Exercise aim: Word for word, transcribe the lines below and drop the pictures.

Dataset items
= Beginning of Section =

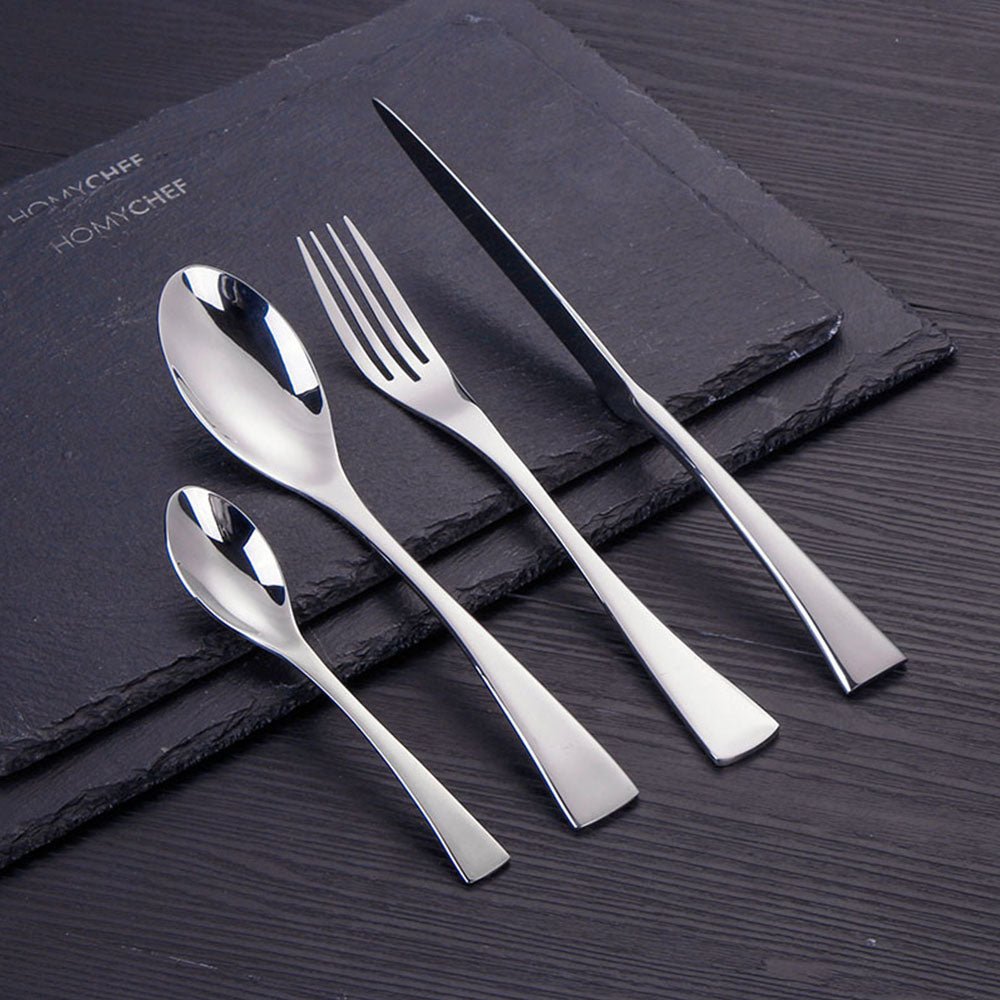 Mirror Cutlery Set Collection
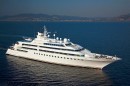 Lady Moura was the ninth largest yacht ever built, the "world's first megayacht"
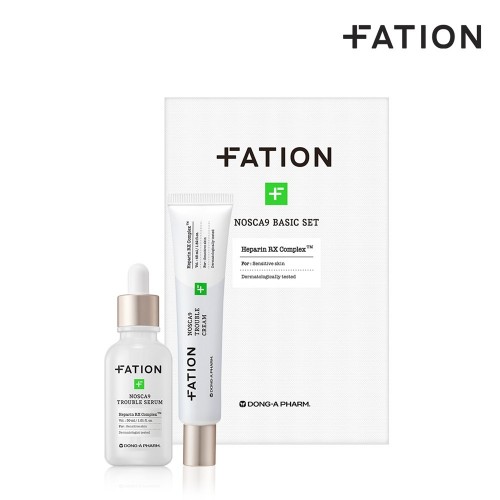 [동아제약] 파티온 노스카나인 2종 세트(트러블세럼+노스카나인크림)+쇼핑백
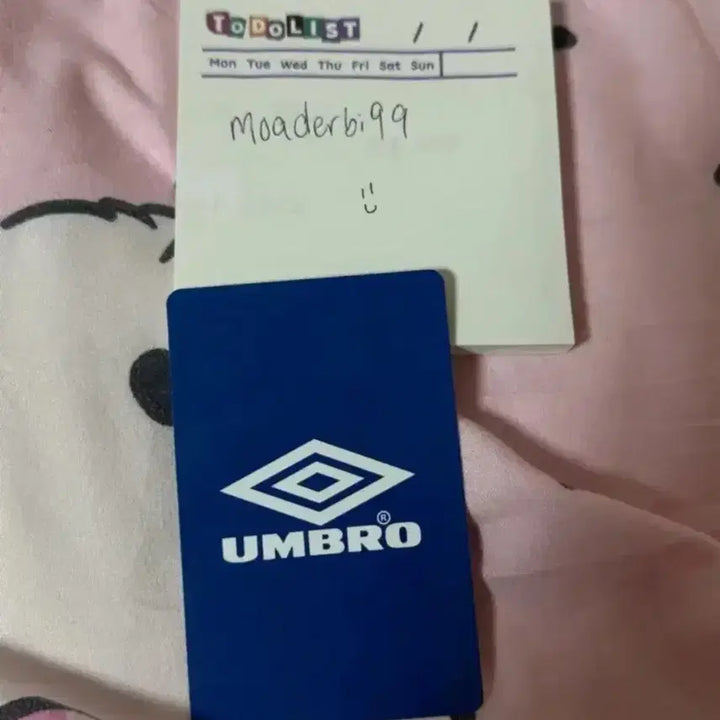 [BUNJANG] NCT WISH Umbro Popup Photocard Sakuya / NCT WISH 엔시티 위시 엄브로 팝업 포토카드 사쿠야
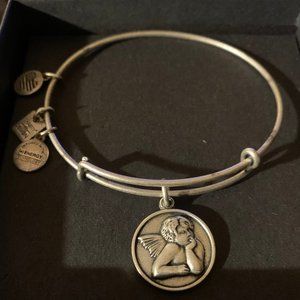 Alex and Ani Cherub Bangle Bracelet - Brand New!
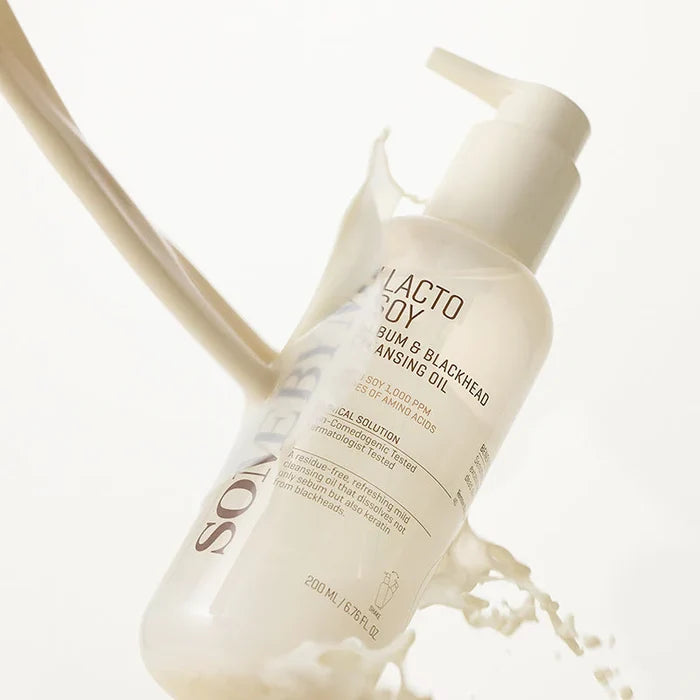 SOME BY MI - Lacto Soy Sebum & Blackhead Cleansing Oil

= End of Section =

Solved problem:
 Mirror Cutlery Set Collection
 Lady Moura was the ninth largest yacht ever built, the "world's first megayacht"
 [동아제약] 파티온 노스카나인 2종 세트(트러블세럼+노스카나인크림)+쇼핑백
 [BUNJANG] NCT WISH Umbro Popup Photocard Sakuya / NCT WISH 엔시티 위시 엄브로 팝업 포토카드 사쿠야
 Alex and Ani Cherub Bangle Bracelet - Brand New!
 SOME BY MI - Lacto Soy Sebum & Blackhead Cleansing Oil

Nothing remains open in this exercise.